“I have tended to meet women a little coolly, and prefer to define a relationship in advance as an episode. Most women respond well to that, sometimes so well that I’m not just surprised, but a little hurt.”
The Frog in the Throat, by Markus Werner (translated by Michael Hofmann), is the second of the late author’s seven novels. It was first published in 1985 and this new translation is being released under the NYRB Classics imprint. In alternating chapters it is narrated first by Franz Thalmann – a disgraced priest and now counsellor – and then Franz’s father, Klemens, who ruminates life’s mysteries as he hand milks the cows on his family farm in small town Switzerland.
The story being told from the two points of view open with Franz. Once a month he is bothered by a frog in his throat, an affliction lasting exactly three days that he believes is caused by his father who died six months ago. Klemens cast his son aside when he learned of an infidelity that cost Franz his job and marriage – a source of family pride thereby turning into a source of shame. Franz, now forty-nine and divorced for a decade, does not exactly regret his fall from grace. He has built a new life for himself, one he can be mostly comfortable with. As he gargles and swills in his attempts to draw breath he cogitates on his life and how he responded to the demands of family growing up, and of society in general.

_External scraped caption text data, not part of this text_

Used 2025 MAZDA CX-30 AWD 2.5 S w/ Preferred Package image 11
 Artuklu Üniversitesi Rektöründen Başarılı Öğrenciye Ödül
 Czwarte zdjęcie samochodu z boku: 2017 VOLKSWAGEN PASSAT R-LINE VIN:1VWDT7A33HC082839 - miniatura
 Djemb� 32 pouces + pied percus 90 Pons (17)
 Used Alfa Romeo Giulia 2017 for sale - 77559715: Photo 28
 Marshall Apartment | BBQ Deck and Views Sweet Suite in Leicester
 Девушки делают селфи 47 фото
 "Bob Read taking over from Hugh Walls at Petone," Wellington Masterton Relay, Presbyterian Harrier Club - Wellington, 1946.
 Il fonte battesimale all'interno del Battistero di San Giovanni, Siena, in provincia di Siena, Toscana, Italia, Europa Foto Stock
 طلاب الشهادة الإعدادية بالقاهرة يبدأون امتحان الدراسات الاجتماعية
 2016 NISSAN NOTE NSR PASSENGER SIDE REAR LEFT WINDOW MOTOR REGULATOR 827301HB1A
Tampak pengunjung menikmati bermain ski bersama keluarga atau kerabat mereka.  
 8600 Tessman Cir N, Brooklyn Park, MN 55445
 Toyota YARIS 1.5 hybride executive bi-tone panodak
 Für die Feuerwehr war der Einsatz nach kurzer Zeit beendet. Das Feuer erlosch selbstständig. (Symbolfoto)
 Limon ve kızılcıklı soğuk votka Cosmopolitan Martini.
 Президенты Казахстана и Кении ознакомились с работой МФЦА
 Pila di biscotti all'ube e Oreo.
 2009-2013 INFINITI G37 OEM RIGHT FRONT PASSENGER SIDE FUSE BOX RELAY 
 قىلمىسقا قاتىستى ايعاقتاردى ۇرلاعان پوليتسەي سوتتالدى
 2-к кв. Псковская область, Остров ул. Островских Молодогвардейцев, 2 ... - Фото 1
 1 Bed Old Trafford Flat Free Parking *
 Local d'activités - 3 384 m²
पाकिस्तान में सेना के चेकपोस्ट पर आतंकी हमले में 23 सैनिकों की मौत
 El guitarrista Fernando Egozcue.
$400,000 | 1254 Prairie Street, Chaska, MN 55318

Klemens, just before his death at nearly eighty, had become something of a kvetch. He blames modern parents for the behaviour of their children, falling short of taking any blame on himself for the choices his son made. Klemens buried his wife and daughter many years ago, the latter leading him to question God and faith. His father and brother died from suicide; another son suffers severe depressive episodes.
Although regarding themselves as fond of their wives, none of the men in this family appear to hold a great deal of respect for women as potentially generous people.
What we have here then is two generations looking back on their lives and how there were moulded by expectation. Subjects drift in and out of their consideration: men, women, desire, love, marriage, parenting, aging, manners, greed, politicians, crime, fame, television. As they postulate why attitudes have changed the reader may ponder the likenesses between their wider thinking.
“I often say to myself: God doesn’t want to be promoted like shoe polish, He dislikes propaganda, He would rather we were just decent people and go easy on His creation.”
Although clearly blinkered there are many truths to consider in these wide ranging musings. Both men have their failings – what Klemens did to the cat when his wife died is horrific – but neither are rare in any ordinary community.
An enjoyable read for the lens through which these characters view the world in which they have lived. There is humour and pathos but also nuggets of universal truths.
The Frog in the Throat is published by the New York Review of Books.